# Changing Lights



## iflawdya (Apr 11, 2012)

Just wondering if anyone has changed out there overhead light fixtures inside the camper? Before we settled on our 312BH we looked at the Premier and I loved the low profile lights. The lights in the Outback look big and gaudy. I also hate the fact I cant choose between using 1 or 2 bulbs.


----------



## duggy (Mar 17, 2010)

It would be an easy mod to change the lights. They're just screwed to the plywood ceiling, so as long as the new lights cover any holes, it would be a simple switch. I don't know if anyone has switched to the same lights as the Premier, but quite a few members have swapped out the incandescant bulbs for LED panels, and some have added a switch to allow one half to work independently. The LED panels are available on E-bay for under $5.00 ea.


----------



## Kapnkirk (Mar 2, 2012)

duggy said:


> It would be an easy mod to change the lights. They're just screwed to the plywood ceiling, so as long as the new lights cover any holes, it would be a simple switch.

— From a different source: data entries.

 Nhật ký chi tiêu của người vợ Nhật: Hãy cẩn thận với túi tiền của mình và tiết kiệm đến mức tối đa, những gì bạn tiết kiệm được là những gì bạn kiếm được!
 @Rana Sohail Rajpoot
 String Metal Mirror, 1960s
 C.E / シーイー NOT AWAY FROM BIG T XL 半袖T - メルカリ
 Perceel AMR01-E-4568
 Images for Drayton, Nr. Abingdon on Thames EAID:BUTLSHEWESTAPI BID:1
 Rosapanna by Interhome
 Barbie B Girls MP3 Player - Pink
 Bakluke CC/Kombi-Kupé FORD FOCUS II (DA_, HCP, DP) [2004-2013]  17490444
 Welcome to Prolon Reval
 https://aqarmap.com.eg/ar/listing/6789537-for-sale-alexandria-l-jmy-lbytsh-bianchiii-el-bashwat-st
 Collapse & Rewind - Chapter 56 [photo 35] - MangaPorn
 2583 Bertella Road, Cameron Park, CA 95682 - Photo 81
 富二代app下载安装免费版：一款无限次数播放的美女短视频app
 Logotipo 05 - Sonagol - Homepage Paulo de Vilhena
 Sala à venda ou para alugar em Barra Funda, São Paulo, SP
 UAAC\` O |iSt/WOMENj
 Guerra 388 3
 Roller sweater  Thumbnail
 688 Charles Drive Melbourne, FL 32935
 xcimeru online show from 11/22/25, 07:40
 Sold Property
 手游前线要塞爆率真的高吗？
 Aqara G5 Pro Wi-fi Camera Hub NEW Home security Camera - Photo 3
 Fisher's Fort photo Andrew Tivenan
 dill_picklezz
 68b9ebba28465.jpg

I don't know if anyone has switched to the same lights as the Premier, but quite a few members have swapped out the incandescant bulbs for LED panels, and some have added a switch to allow one half to work independently. The LED panels are available on E-bay for under $5.00 ea.


Duggy

Do you have a link to the LED replacement bulbs?

Thanks, Keith


----------



## duggy (Mar 17, 2010)

Kapnkirk said:


> It would be an easy mod to change the lights. They're just screwed to the plywood ceiling, so as long as the new lights cover any holes, it would be a simple switch. I don't know if anyone has switched to the same lights as the Premier, but quite a few members have swapped out the incandescant bulbs for LED panels, and some have added a switch to allow one half to work independently. The LED panels are available on E-bay for under $5.00 ea.


Duggy

Do you have a link to the LED replacement bulbs?

Thanks, Keith
[/quote]

Here is a link to a set of 24 count LED panels on e-bay LED panel

Here is a link to a recent topic on this swap LED bulb swap. Shooter57 used 36 count LED panels, and found them to be too bright, so he added a switch to allow one side or both. I wondered if using 24 count panels would work well, and save the need for a switch.


----------



## shooter57 (Sep 23, 2011)

duggy said:


> It would be an easy mod to change the lights. They're just screwed to the plywood ceiling, so as long as the new lights cover any holes, it would be a simple switch. I don't know if anyone has switched to the same lights as the Premier, but quite a few members have swapped out the incandescant bulbs for LED panels, and some have added a switch to allow one half to work independently. The LED panels are available on E-bay for under $5.00 ea.


Duggy

Do you have a link to the LED replacement bulbs?

Thanks, Keith
[/quote]

Here is a link to a set of 24 count LED panels on e-bay LED panel

Here is a link to a recent topic on this swap LED bulb swap. Shooter57 used 36 count LED panels, and found them to be too bright, so he added a switch to allow one side or both. I wondered if using 24 count panels would work well, and save the need for a switch.
[/quote]
Slight correction, duggy, it's not that the 36 count panels were too bright... it's just that I felt you don't always need that much light, so I mod'ed it to shut down one side (can you say "ambience"?) ;] I'm happy with the option to go full or half light now.


----------